PROBLEM TO WORK ON: Take the line containing "Bauer GSX Hockey" and every line after it to the end of the records, and copy them exactly, excluding pictures.

RECORDS PROVIDED:
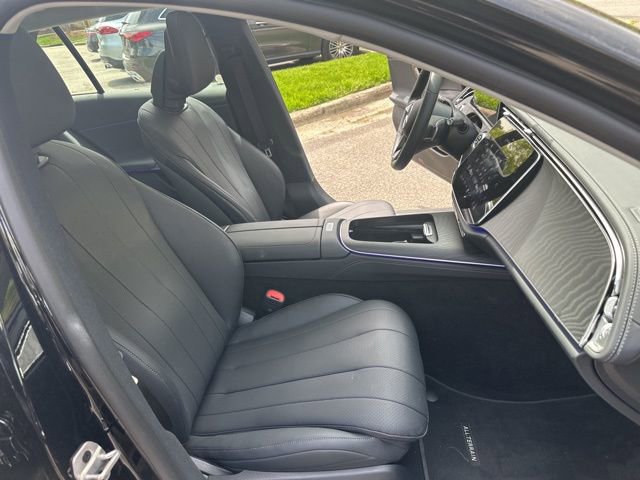 Used 2025 Mercedes-Benz E 450 4MATIC All-Terrain Wagon image 18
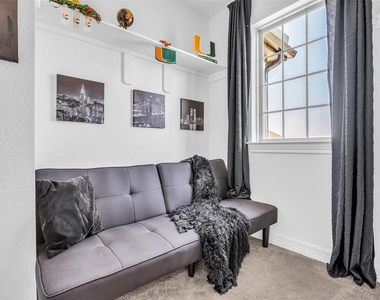 13520 Leeward Edge Drive - Photo Thumbnail 18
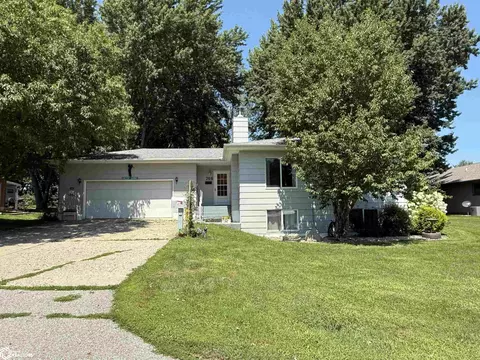 706 Maple Pl, Thornton, IA 50479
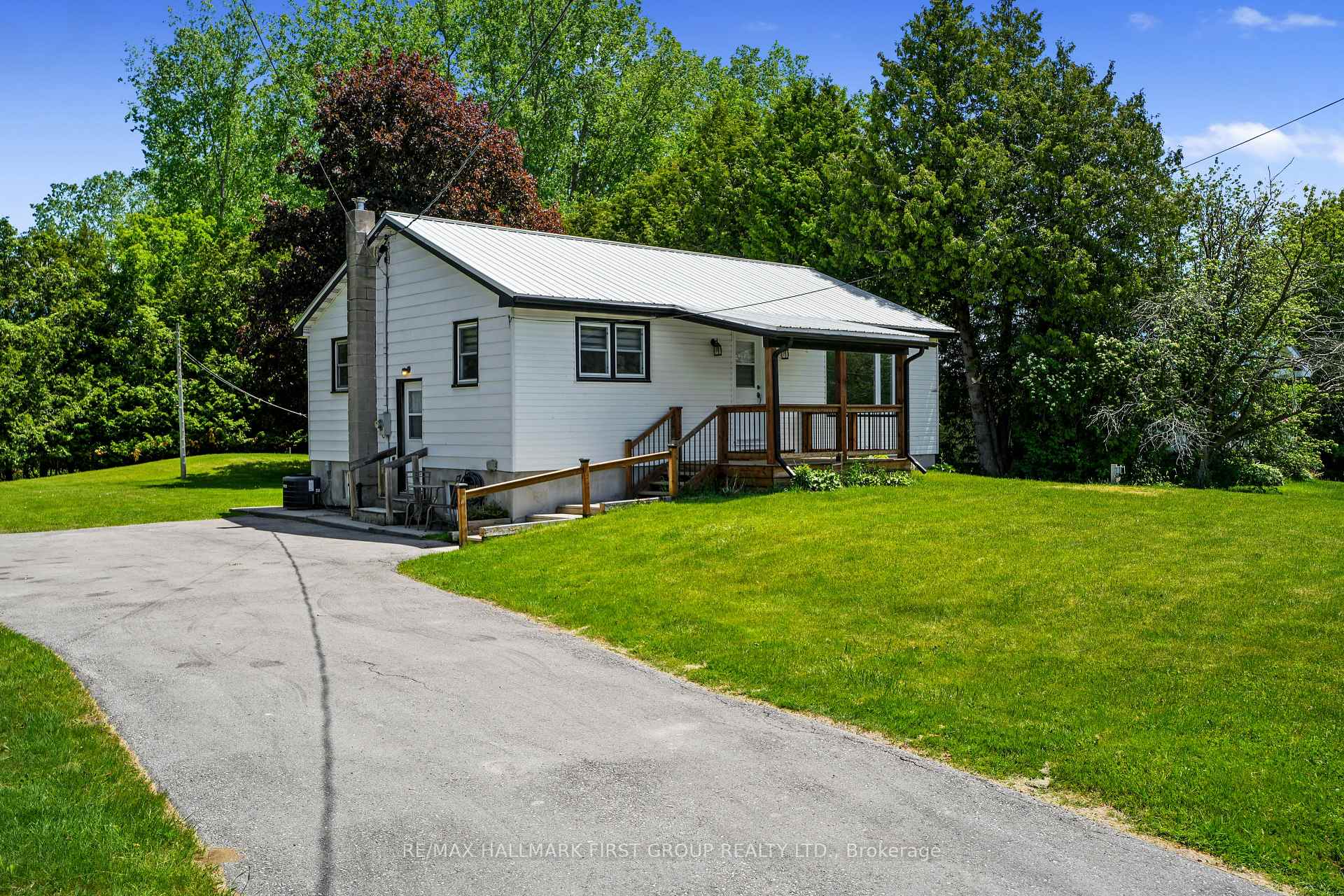 Photo 2 of 40 Whites Road, Quinte West, Sidney Ward — HOMEH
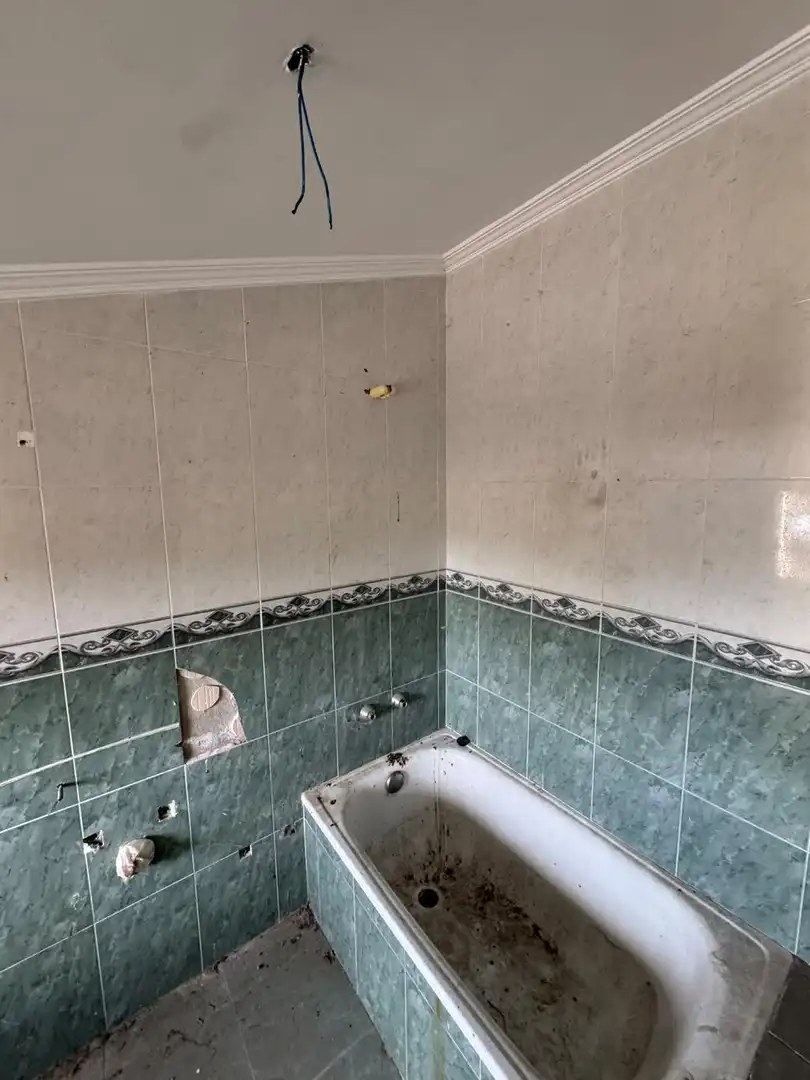 Bathroom of Houses for sale in Cabezón de Pisuerga, Valladolid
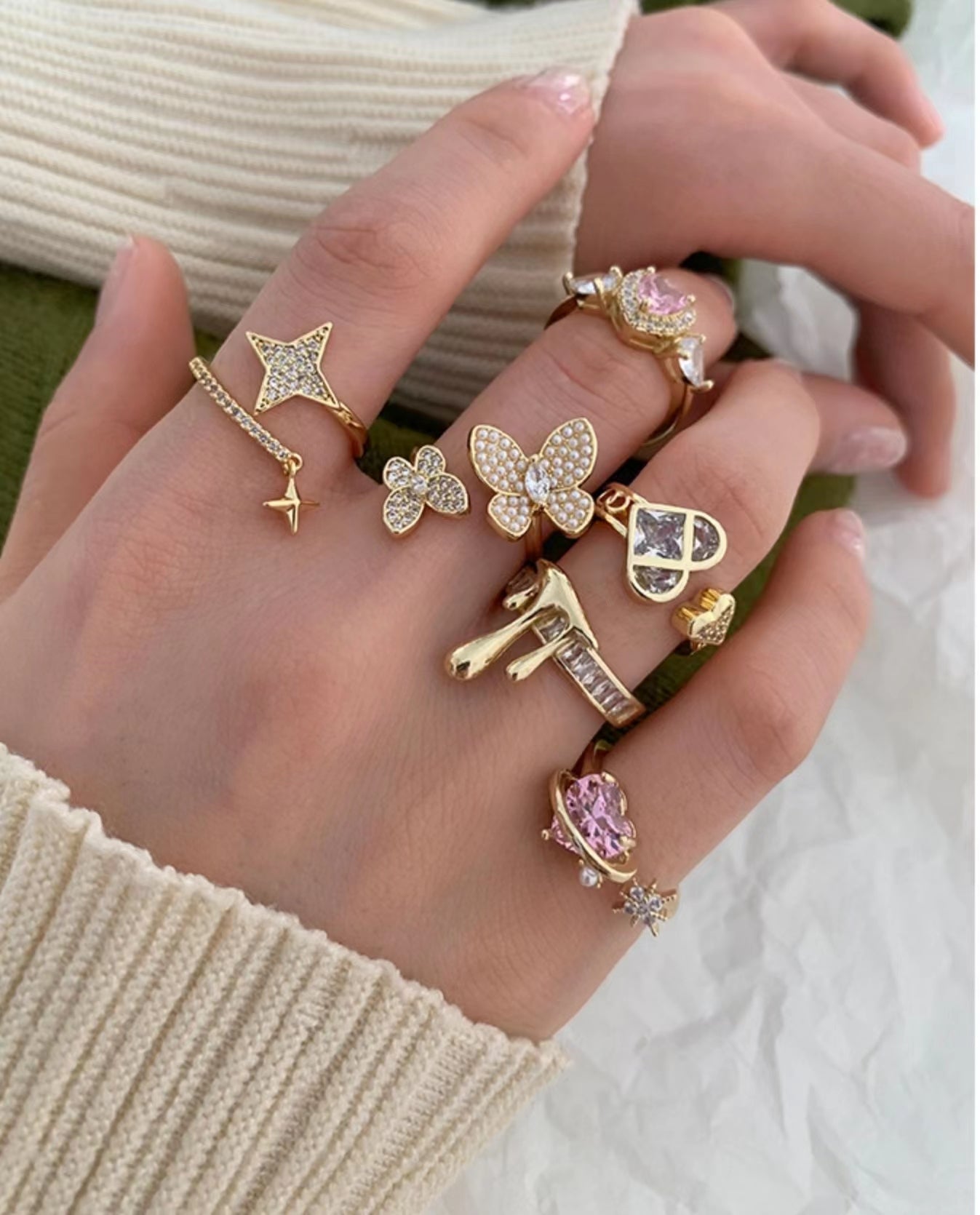 Gold Design Niche Diamond Ring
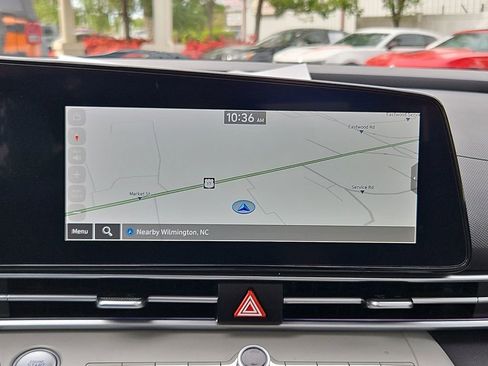 Used 2024 Hyundai Elantra Limited FWD image 18
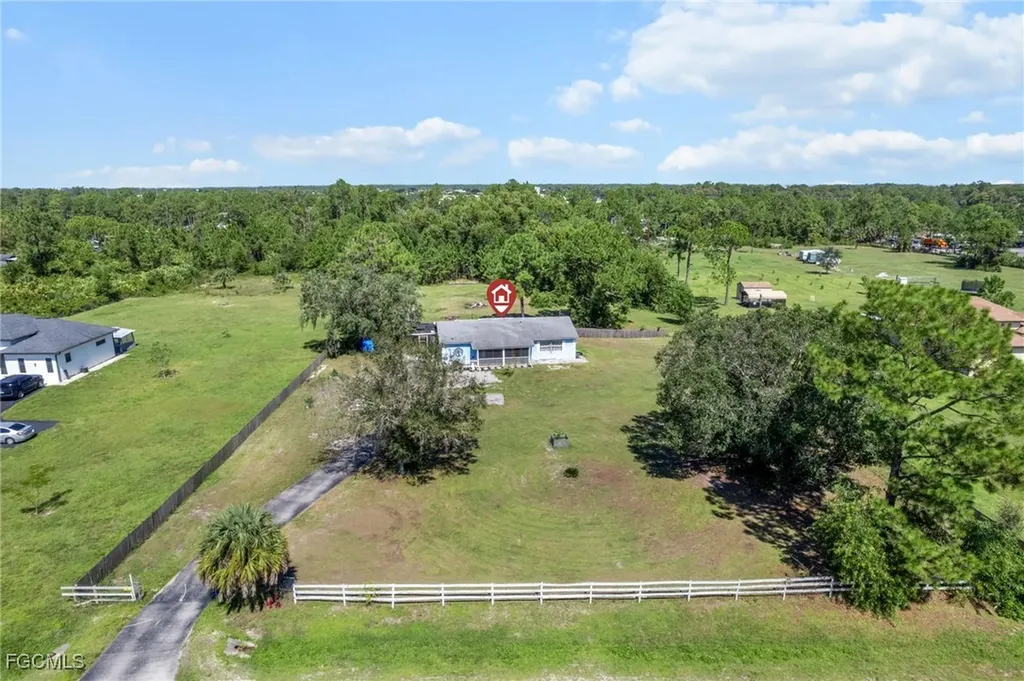 4121 16th Avenue NE Naples FL 34120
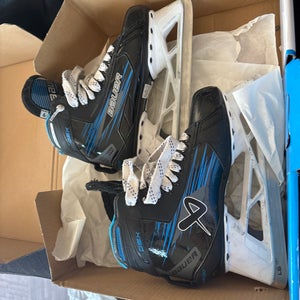 Bauer GSX Hockey Goalie Skates  6 (Used)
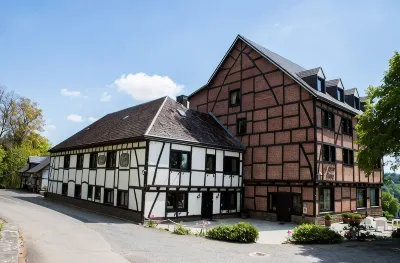 Hôtel Grand-Champ Hotels in 
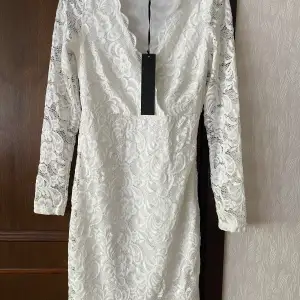 Super fin spetsklänning (Ny) från Bubbleroom, storlek M mer som en 36/38.
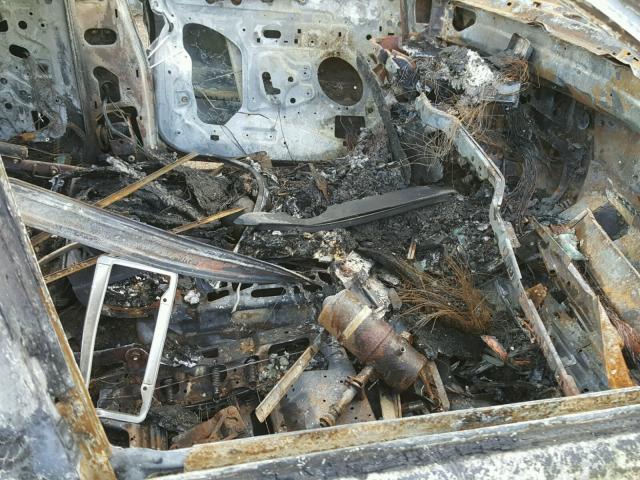 1LNFM82W8XY604370 - 1999 LINCOLN TOWN CAR S SILVER photo 5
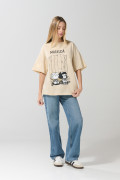 Camiseta de Mafalda oversize kaki clara manga corta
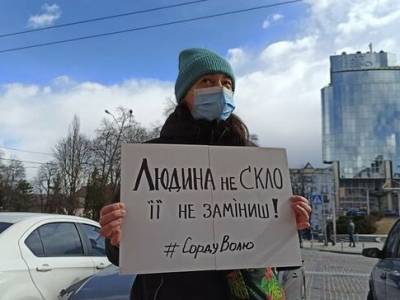 "Человек не стекло, его не заменишь". Под Печерским судом прошел митинг в поддержу задержанного у Офиса Президента Сорда - gordonua.com - Киев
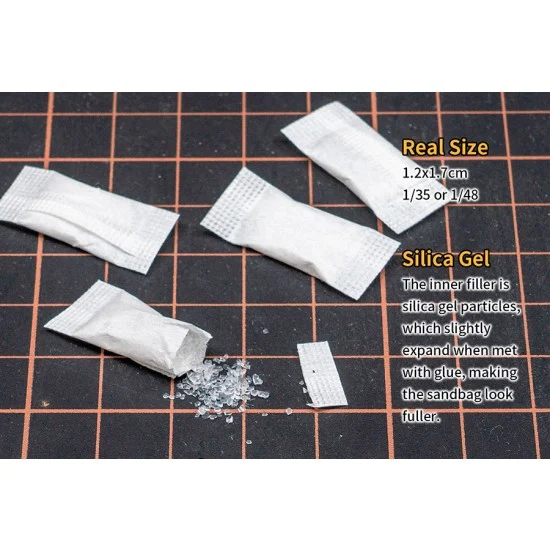 Liang Model LIANG-0511 1/35 Sandbags for Diorama (40 bags, content: Silicon Gel)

TASK ANSWER:
 Bauer GSX Hockey Goalie Skates  6 (Used)
 Hôtel Grand-Champ Hotels in 
 Super fin spetsklänning (Ny) från Bubbleroom, storlek M mer som en 36/38.
 1LNFM82W8XY604370 - 1999 LINCOLN TOWN CAR S SILVER photo 5
 Camiseta de Mafalda oversize kaki clara manga corta
 "Человек не стекло, его не заменишь". Под Печерским судом прошел митинг в поддержу задержанного у Офиса Президента Сорда - gordonua.com - Киев
 Liang Model LIANG-0511 1/35 Sandbags for Diorama (40 bags, content: Silicon Gel)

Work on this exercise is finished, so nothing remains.